• **RAW DATA**
※ ※ ※
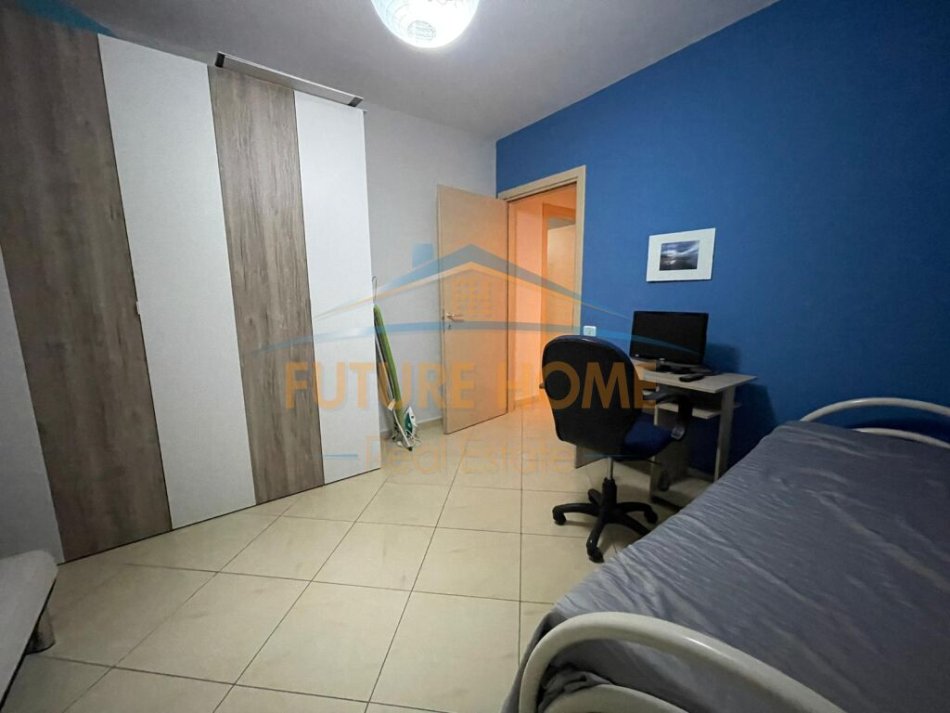 Tirane, jepet me qera apartament 2+1 Kati 3, 95 m² 550 € 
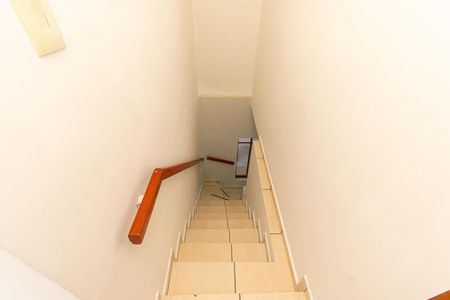 Casa para alugar com 100m², 2 quartos e 2 vagasEscada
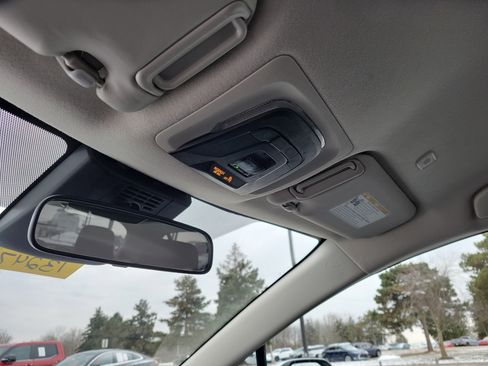 Used 2024 Toyota Corolla LE image 30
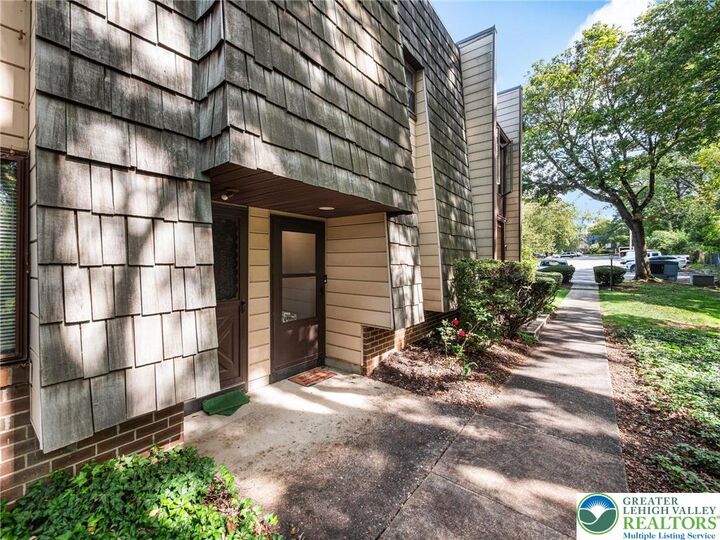 1015 Village Round 106  Lower Macungie Twp PA 18106 photo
※ ※ ※
• **THE TASK**
The needed output is the lines from the one with "Used 2024 Toyota Corolla LE image 30" through the end of the listing, written out exactly, both ends included, pictures excluded.

• **REPLY TO THE EXERCISE**
 Used 2024 Toyota Corolla LE image 30
 1015 Village Round 106  Lower Macungie Twp PA 18106 photo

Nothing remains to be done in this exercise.